Kristensen-McLachlan Ross Deans, Canavan Miceal, Kárdos Marton, Jacobsen Mia, Aarøe Lene
Department of Linguistics, Cognitive Science, and Semiotics, Aarhus University, Aarhus 8000, Denmark.
Center for Humanities Computing, Aarhus University, Aarhus 8000, Denmark.
PNAS Nexus. 2025 Apr 1;4(4):pgaf069. doi: 10.1093/pnasnexus/pgaf069. eCollection 2025 Apr.
Recent research highlights the significant potential of ChatGPT for text annotation in social science research. However, ChatGPT is a closed-source product, which has major drawbacks with regards to transparency, reproducibility, cost, and data protection. Recent advances in open-source (OS) large language models (LLMs) offer an alternative without these drawbacks. Thus, it is important to evaluate the performance of OS LLMs relative to ChatGPT and standard approaches to supervised machine learning classification. We conduct a systematic comparative evaluation of the performance of a range of OS LLMs alongside ChatGPT, using both zero- and few-shot learning as well as generic and custom prompts, with results compared with supervised classification models. Using a new dataset of tweets from US news media and focusing on simple binary text annotation tasks, we find significant variation in the performance of ChatGPT and OS models across the tasks and that the supervised classifier using DistilBERT generally outperforms both. Given the unreliable performance of ChatGPT and the significant challenges it poses to Open Science, we advise caution when using ChatGPT for substantive text annotation tasks.

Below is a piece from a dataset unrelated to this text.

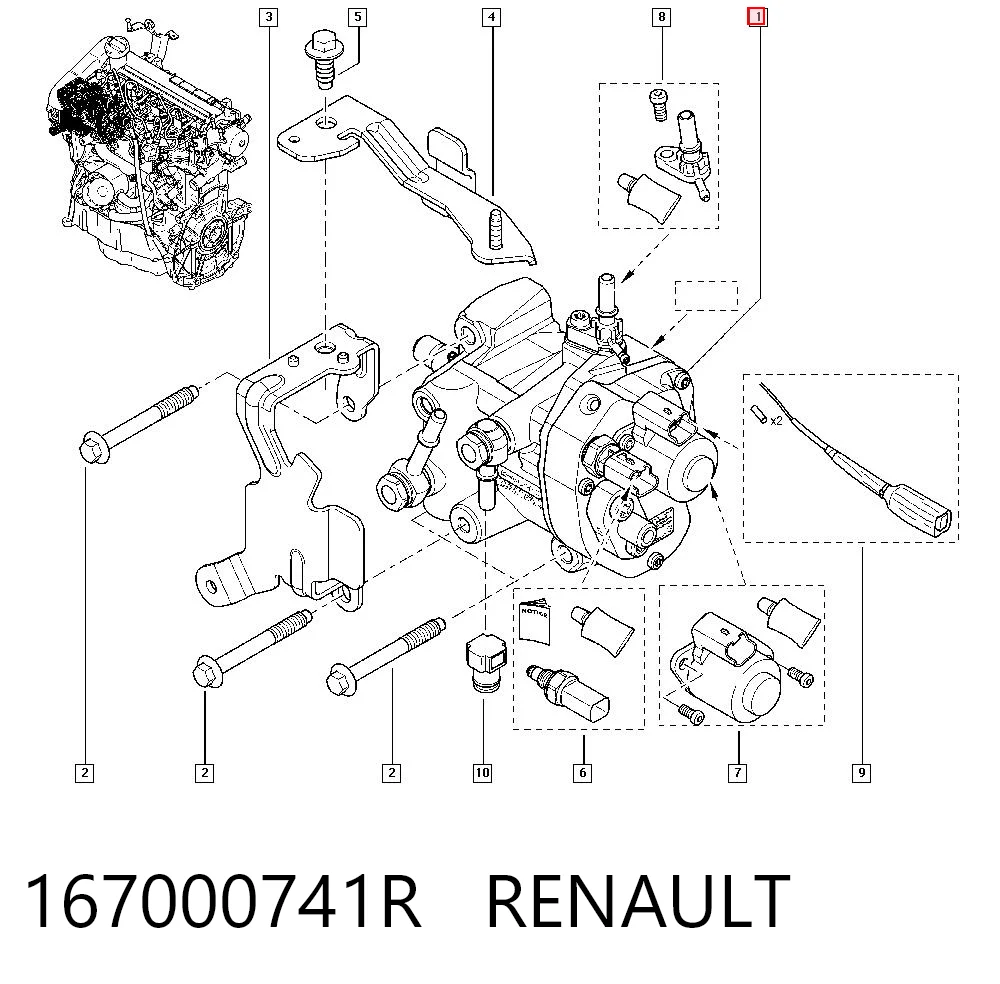  ТНВД Renault Kangoo 2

近期研究凸显了ChatGPT在社会科学研究文本标注方面的巨大潜力。然而,ChatGPT是一个闭源产品,在透明度、可重复性、成本和数据保护方面存在重大缺陷。开源(OS)大语言模型(LLMs)的最新进展提供了一种没有这些缺陷的替代方案。因此,评估开源大语言模型相对于ChatGPT以及监督式机器学习分类标准方法的性能非常重要。我们对一系列开源大语言模型与ChatGPT的性能进行了系统的比较评估,使用了零样本和少样本学习以及通用和自定义提示,并将结果与监督分类模型进行比较。通过使用一个来自美国新闻媒体推文的新数据集,并专注于简单的二元文本标注任务,我们发现在各项任务中ChatGPT和开源模型的性能存在显著差异,并且使用DistilBERT的监督分类器通常表现优于两者。鉴于ChatGPT性能不可靠以及它给开放科学带来的重大挑战,我们建议在将ChatGPT用于实质性文本标注任务时要谨慎。